Dissertation by Frederike Neuber

Karlsruher Institute for Technology 2018

 

Can climate engineering help provide more time for an ambitious mitigation program? And if so, is a buying time deployment of climate engineering morally acceptable? The work at hand means to thoroughly scrutinize this specific argument of the climate engineering discourse – the buying time argument (BT-argument). The point of departure of this research is the notion that climate engineering (CE) is not inherently morally wrong. The guiding question is: Is there a possible buying time deployment of a climate engineering technology absent any general moral constraints?

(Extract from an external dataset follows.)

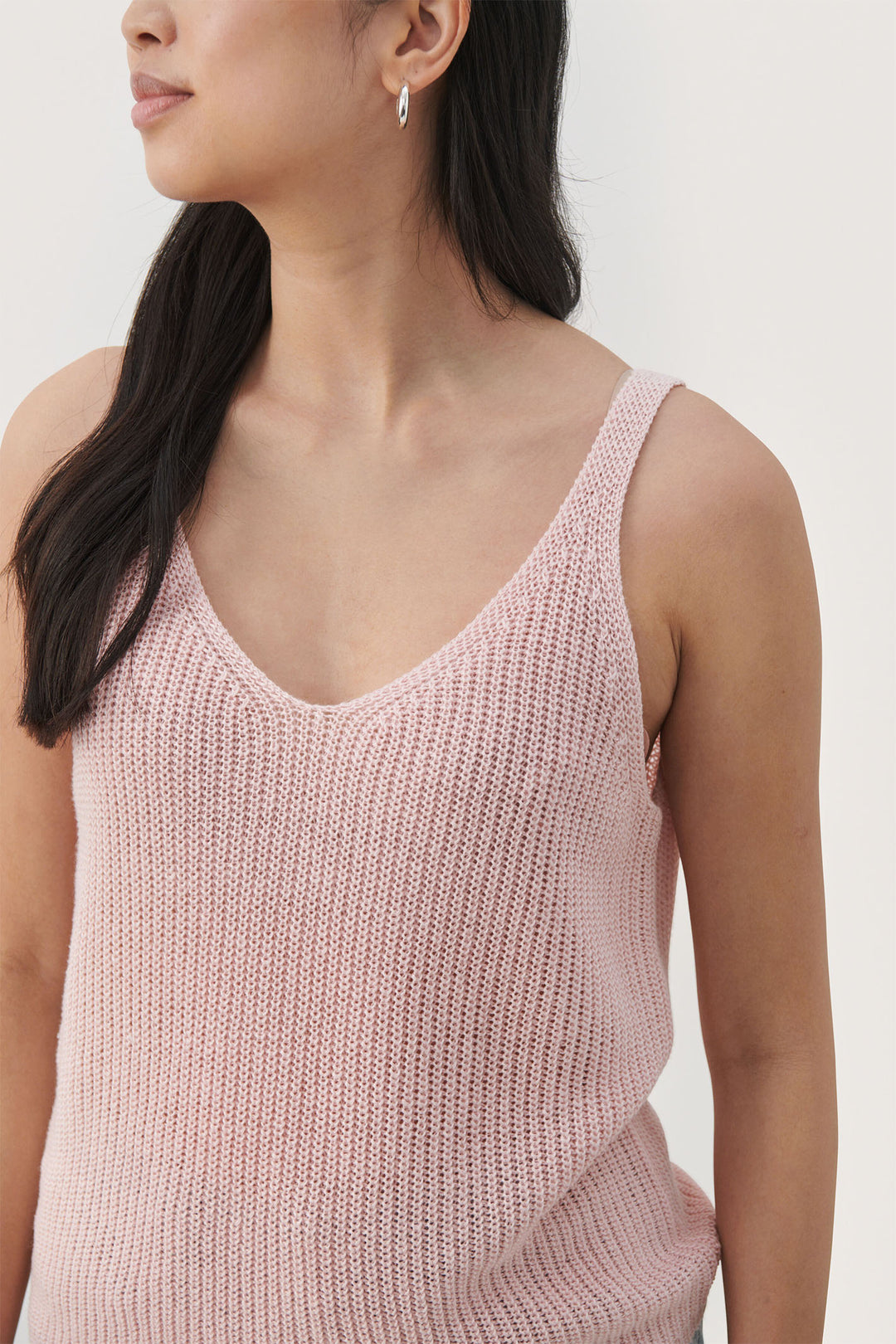 Part Two 30305129 CameronaPW Potpourri Pink Knitted Linen Vest Top - Dotique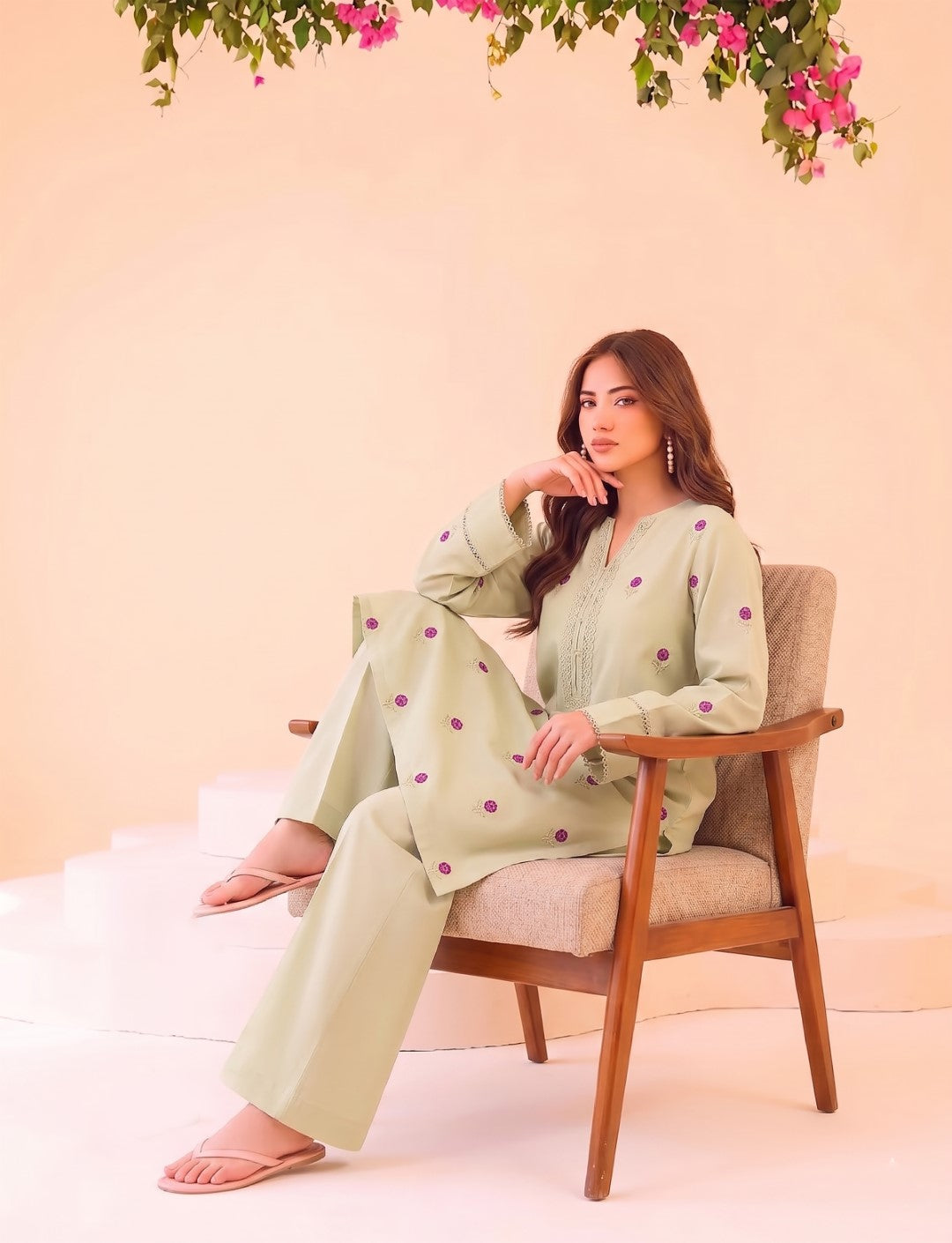 2 PIECE PREMIUM PURE LAWN EMBROIDERED UNSTITCHED SUIT 609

This question will be answered in several steps: First, a deductively valid version of the BT-argument is established.  In particular, this argument implies that deployment of CE is to be finite and should not interfere with mitigation efforts. Containing a placeholder for a specific climate goal and a placeholder denoting a specific CE technology, the argument can only be fully evaluated, if the placeholders are instantiated. By doing so, this thesis aims at providing a comprehensive discussion of two CE technologies, Sulfate Aerosol Injection (SAI) and Bio-energy with Carbon Capture and Storage (BECCS), and sheding some light on the moral aspects of potential CE deployment. The preliminary conclusion states that a finite and strictly purpose bound deployment of SAI might be morally sound, but the boundary conditions for such a deployment must be guaranteed by political efforts. The work at hand also highlights the importance of further research, especially with respect to negative emission technologies.